Een gevoel voor energie
Wouter Hillaert & Tom Viaene
‘Pingpong’ noemen fotograaf Koen Broos en theatermaakster Inne Goris hun continue gesprek. Telkens begint dat overleg al bij Goris’ eerste ideeën voor een nieuwe creatie. Telkens eindigt het bij foto’s die misschien nog meer bezonken voelen dan de eigenlijke voorstelling. Broos & Goris: een dubbelspel in suggestie. ‘We laten een atmosfeer zien.’
We herinneren ons die grote briefomslag nog levendig. Op A3 schoof er een dun pakketje van losse bladen uit. Een misdruk? De naam van Koen Broos schemerde erdoor alsof de inkt net was opgeraakt. De karige uitleg achteraan stond in spiegelbeeld. ‘De beelden van Koen Broos zijn persoonlijke interpretaties van de theaterstukken van Inne Goris. Beide makers zoeken naar de essentie van de dingen, naar de kern van wat moet verteld worden. Koen Broos en Inne Goris werken ondertussen tien jaar samen en legden een fragiel, maar sterk verhalend parcours af.’ Kwetsbaar: zo voelt ook het cahier zelf. Flinterdun wit papier. Zonder enige dekking levert het zich aan je handen over. Maar tegen een al te consumerende blik blijkt het net erg resistent. Benieuwd sla je het cahier open: een blanco blad. Je draait dat blad om: weer blanco. Hoe Broos en Goris hun werk op papier onthullen, is als hun oeuvre zelf: langzaam, tegenwringend, tactiel, met oog voor detail. Nog een blad sla je om: ineens toch een beeld. Een dwarse foto, over twee pagina’s gespreid. Driekwart is zwart, rechtsboven trekt je oog naar een oranje glimmende aanwezigheid. Een liggend meisje. Hoe ze de armen los om haar buik hangen heeft: ontspannen kinderspel of getroebleerde zelfbescherming? Haar hoofd is naar de grond gekeerd. Mijmering? Verslagenheid? Een foto van Broos – hier uit La petite fille qui aimait trop les allumettes – presenteert zich niet als andere theaterfoto’s. Hij lijkt nog volop te verschijnen, net als Broos’ naam op het cahier. Alsof Goris’ werk voortijdig uit het ontwikkelingsbad is gelicht. De beelden komen niet naar jou, jij wordt in hen gezogen. Je moet ze zelf scherpstellen, want er hangt een waas over: hun onderwerp heeft zich nog niet helemaal willen uitsplitsten van de sfeer rondom. De kunst van de langzame onthulling, die beheerst Broos met stripteasedanseressen. Alleen zullen zijn beelden altijd onbestemd blijven.

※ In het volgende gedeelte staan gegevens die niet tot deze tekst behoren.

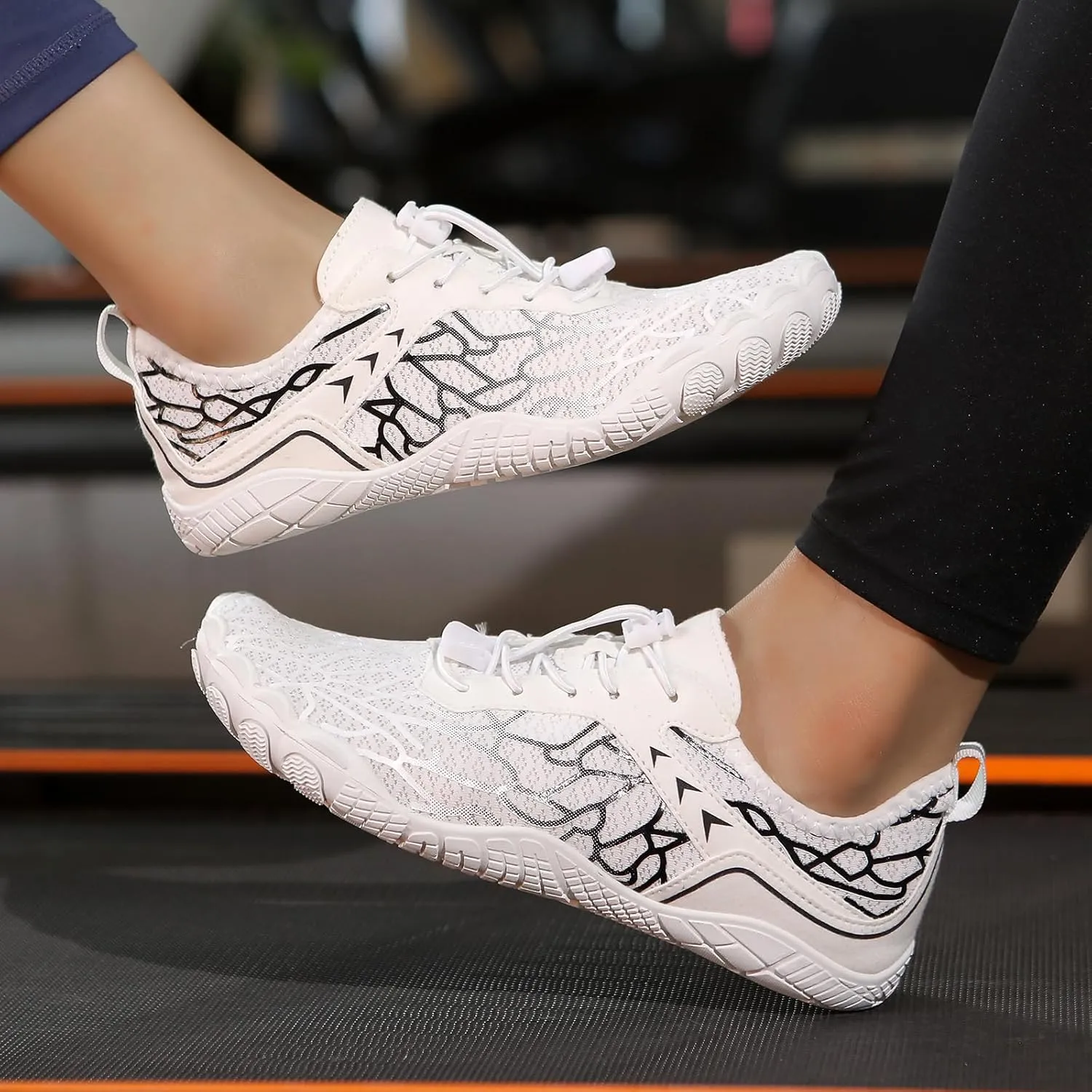 Canbebig Barefoot Shoes Women & Men Non-Slip Athletic Footwear Wide Toe Box Healthy Barefoot Shoes Breathable Running Shoe Unisex Outdoor Hiking Footwear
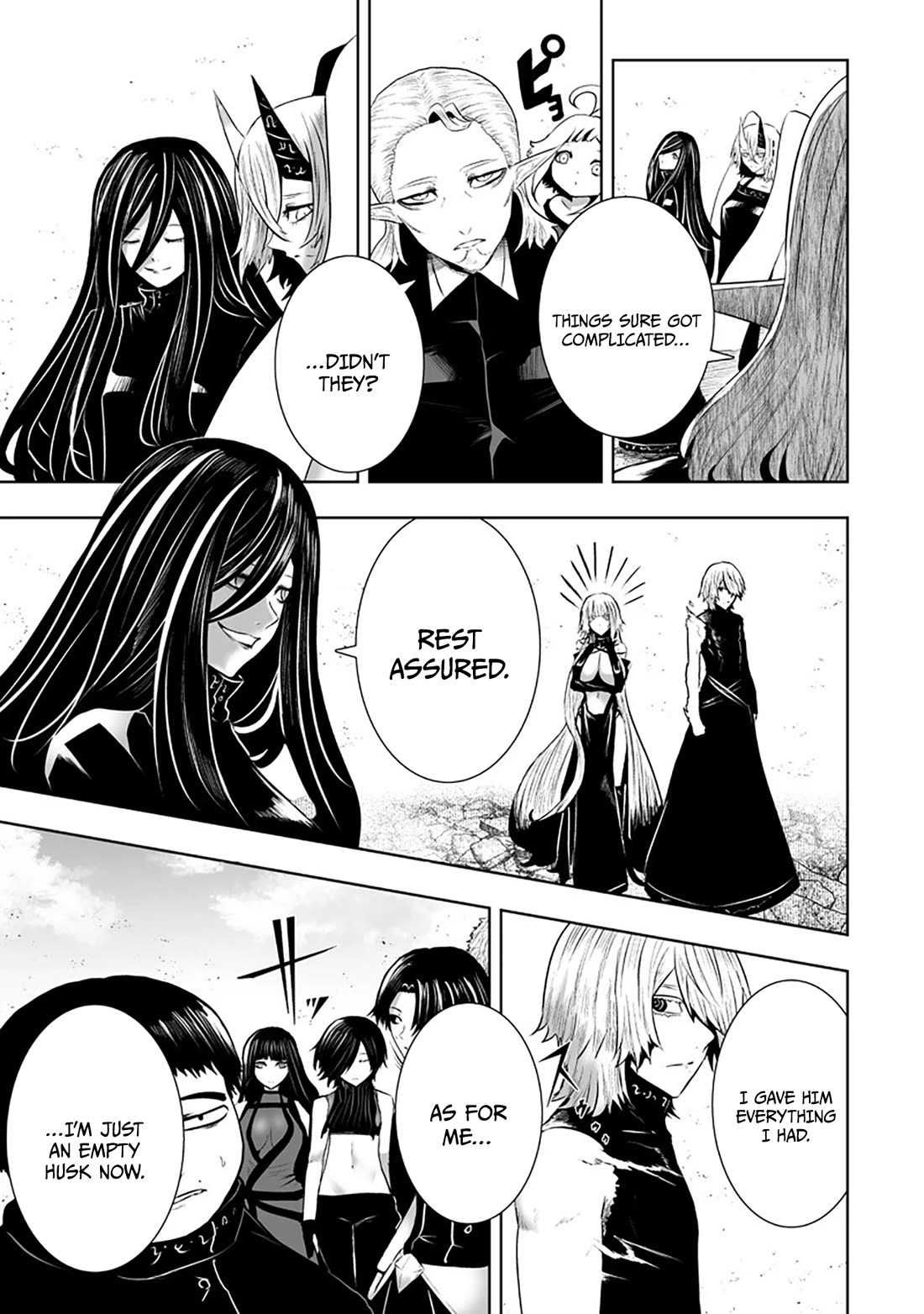 I'm the Only One with a Failure of a Skill in Another World's Summoning Rebellion — Until the Weakest Skill [Absorption] Swallows Everything Chapter 165 page 6 - Chapter 165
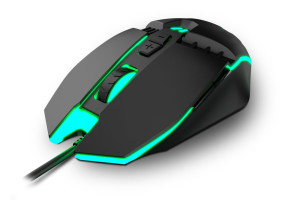 foto de RATÓN GAMING KROM KALAX 3200 DPI 7 COLORES LED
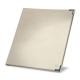 Restaurant menu cover with screwpost binding - Blanc escumo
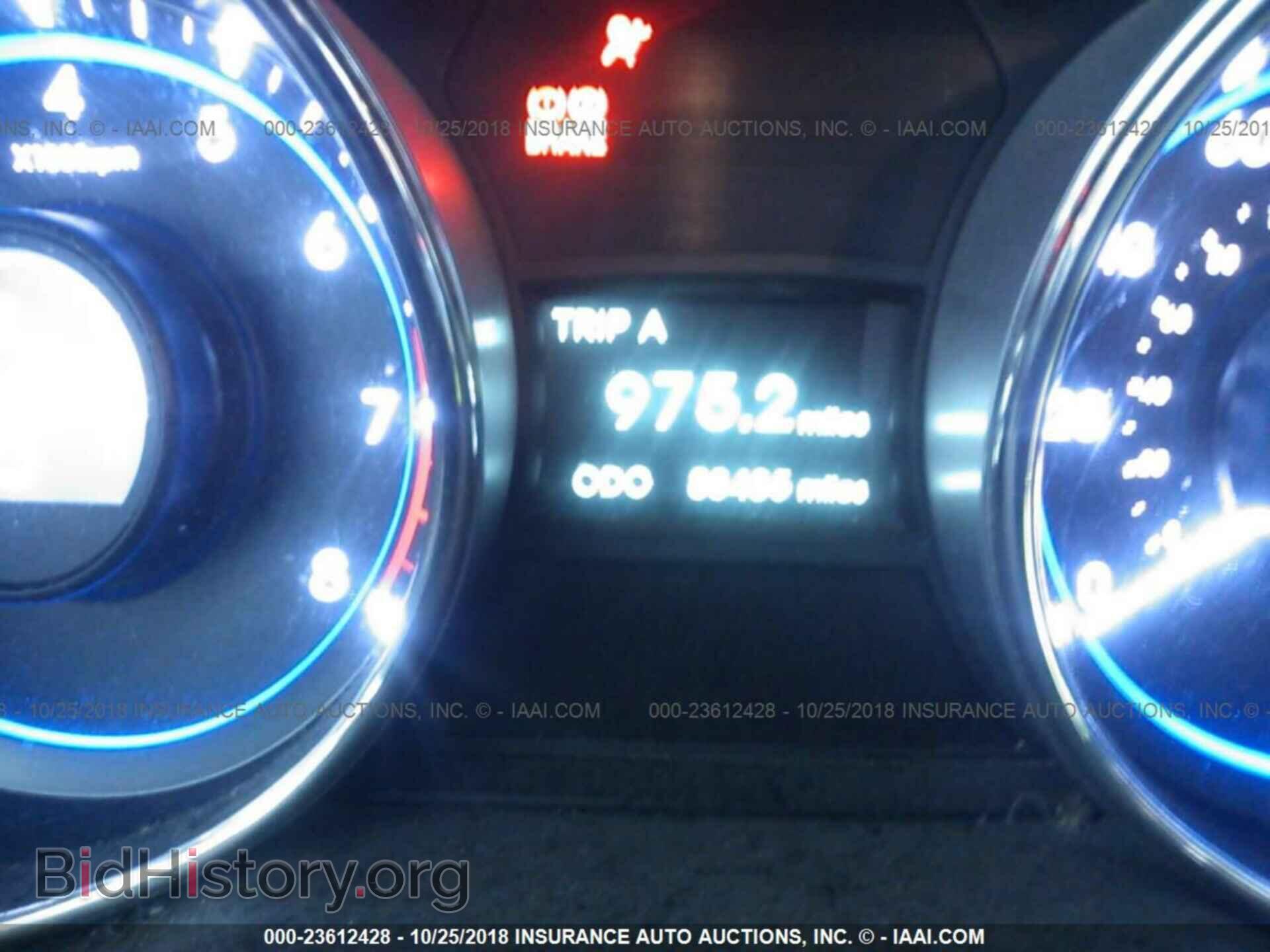 2012 Hyundai Sonata - VIN: 5NPEC4ACXCH365208 - Фото 7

‘Onscherp, hoor je vaak over Koens foto’s zeggen. Maar specifiek en bijzonder is vooral hun spanning. Die ademt de sfeer van de voorstelling, maar is tegelijk meer dan pure registratie. Zijn foto’s roepen meteen een nieuw verhaal op. In andere theaterfoto’s mis ik dat vaak.’
Inne Goris’ theater sluit nauw aan op die fotografie. Steeds zoeken haar voorstellingen het subtiele evenwicht in hoe mensen samenleven, vaak met een schrijnend drama tussen hen in. Dat drama dringt zich nooit op. Het opent zich in kleine details, soms heftige lichamelijke opstoten. Het heeft iets van hoe dieren om elkaar sluipen. Soms speels, zoals de zes meisjes in De dood en het meisje. Soms dreigend, zoals in Naar Medeia of Nachtevening. Samen geeft dat theater waarin veeleer de wisselende spierspanningen dan de woorden het verhaal maken. ‘Inne gooit je in een gevoelsstroom’, knikt Broos. ‘Haar werk heeft het vaak over spanningen in relaties tussen mannen en vrouwen, waar soms een erg scherp kantje aan zit. Tegelijk moet je fantasie aan de slag. Het is als in een beek springen. Je begrijpt niet meteen waarin je wordt meegezogen. Pas achteraf bedenk je: ‘juist, die lijn zit er ook nog in’. Het is echt afpellen.’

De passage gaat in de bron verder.